As shown by Figure 6, the peak of the numerical concentration follows the most probable position of the experimental logs, being able to model the delay of the fraction of the wood mass that flows nearer to the left bank (see in particular Figure 6c,d). Overall, the numerical wooden mass tends to spread towards the right side of the flume.

In Figure 6, the wood volume concentration limit is 0.001 m³/m³. The total transported mass in the channel reach, although varying in time with different patterns, is preserved by all the release modes, as shown in Figure 7, where it is compared with the total mass released in the channel.

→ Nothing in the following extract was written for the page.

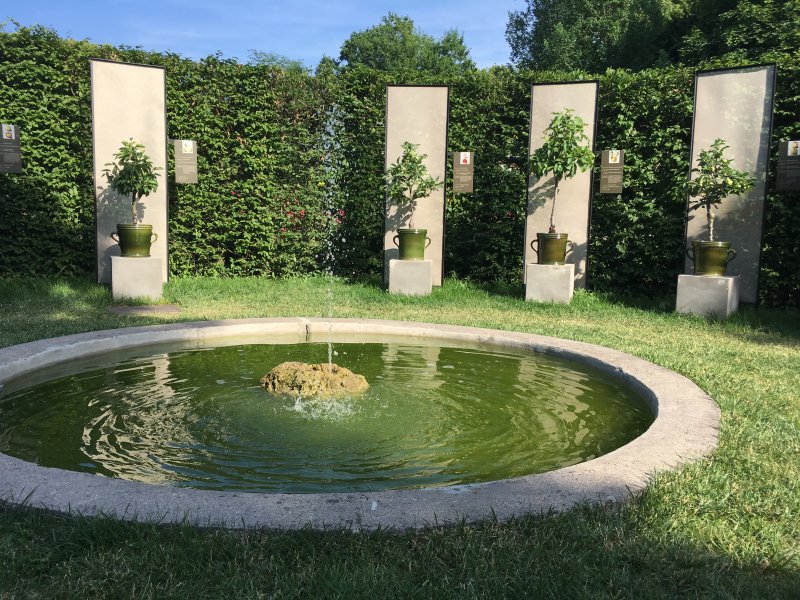 Springbrunnen in der Obstorangerie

3.3. Simulation Accuracy for the Single and Continuum Release Modes

To assess the model capacity in transporting surface wooden debris, ten target areas are identified in the flume from s = 4 m to s = 16 m (not to go beyond the downstream frame limit). The areas are contiguous, as shown in Figure 8a. Two areas (a, f) are upstream of the narrowing, two (e, j) are downstream of it. Six additional areas (b, c, d, g, h, i) are identified in the converging part, in the constriction and the diverging tract, and are limited by the flume walls and axis. To compare the experimental and the numerical results, the experimental mass is obtained as the sum of the wooden mass of the logs that are located in the target area at each sampling time. Note that one log is accounted for if its mass center is included in the area. The numerical normalized mass is obtained as the sum of the wood mass in each cell included in the target area at the sampling time.

Both the experiments and the simulations are time discrete, i.e., the results are given at a specific time instant. To provide a significant comparison, the data must be sampled with an equal frequency. The sampling frequency was determined by analyzing the power/frequency spectrum (Figure 9) of the average experimental streamwise position for the tests with release distance d_tr = (−40, 0, 40). As expected, the maximum frequency of 0.325 Hz corresponds to the release time interval of 3 s. According to the Shannon–Nyquist theorem, to avoid aliasing and information loss, the sampling period was set to 1.5 s, i.e., a frequency of 0.667 Hz, greater than twice the maximum frequency found through signal analysis. This sampling period was used both to sample the experimental results (the original data have a period of 0.0333 s, corresponding to the recording frame rate) and to write the output data for the numerical simulations. Note that this frequency does not affect the computational time step, defined in Section 2.2.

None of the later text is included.